> _What to do_
Give the number of lines below that contain the string "sink", and no other text.

> _Working data_

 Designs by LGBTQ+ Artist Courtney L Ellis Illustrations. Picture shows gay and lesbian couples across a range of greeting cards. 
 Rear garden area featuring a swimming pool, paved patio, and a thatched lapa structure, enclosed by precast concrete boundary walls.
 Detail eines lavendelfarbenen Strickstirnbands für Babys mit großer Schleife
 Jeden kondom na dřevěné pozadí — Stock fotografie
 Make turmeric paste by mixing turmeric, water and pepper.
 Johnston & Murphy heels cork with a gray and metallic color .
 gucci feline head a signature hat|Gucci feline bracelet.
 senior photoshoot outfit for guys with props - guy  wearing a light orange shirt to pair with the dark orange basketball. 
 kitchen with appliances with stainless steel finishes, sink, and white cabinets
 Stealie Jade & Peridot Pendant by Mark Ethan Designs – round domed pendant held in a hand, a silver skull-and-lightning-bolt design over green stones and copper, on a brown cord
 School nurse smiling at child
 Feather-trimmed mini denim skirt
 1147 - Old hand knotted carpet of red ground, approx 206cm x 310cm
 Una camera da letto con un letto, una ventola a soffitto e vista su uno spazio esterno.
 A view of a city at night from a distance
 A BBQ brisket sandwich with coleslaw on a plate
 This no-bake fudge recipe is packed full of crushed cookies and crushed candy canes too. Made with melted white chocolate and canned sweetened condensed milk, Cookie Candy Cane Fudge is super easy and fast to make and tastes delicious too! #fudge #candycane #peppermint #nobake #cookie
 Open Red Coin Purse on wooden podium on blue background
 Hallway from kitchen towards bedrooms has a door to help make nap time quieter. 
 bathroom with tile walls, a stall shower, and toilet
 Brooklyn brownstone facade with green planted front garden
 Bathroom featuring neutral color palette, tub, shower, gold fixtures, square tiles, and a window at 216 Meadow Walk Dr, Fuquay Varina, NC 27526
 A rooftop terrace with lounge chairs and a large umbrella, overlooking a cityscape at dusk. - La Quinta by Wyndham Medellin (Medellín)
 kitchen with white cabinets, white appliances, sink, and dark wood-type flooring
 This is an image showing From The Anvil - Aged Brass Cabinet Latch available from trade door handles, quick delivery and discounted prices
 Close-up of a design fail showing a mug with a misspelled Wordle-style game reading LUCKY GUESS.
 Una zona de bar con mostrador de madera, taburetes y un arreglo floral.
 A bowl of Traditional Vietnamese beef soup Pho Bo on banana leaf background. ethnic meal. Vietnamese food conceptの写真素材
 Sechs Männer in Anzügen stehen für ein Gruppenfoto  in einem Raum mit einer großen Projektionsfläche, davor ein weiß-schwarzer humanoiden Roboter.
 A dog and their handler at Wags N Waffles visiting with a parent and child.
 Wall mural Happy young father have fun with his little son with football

> _Solution to this problem_
2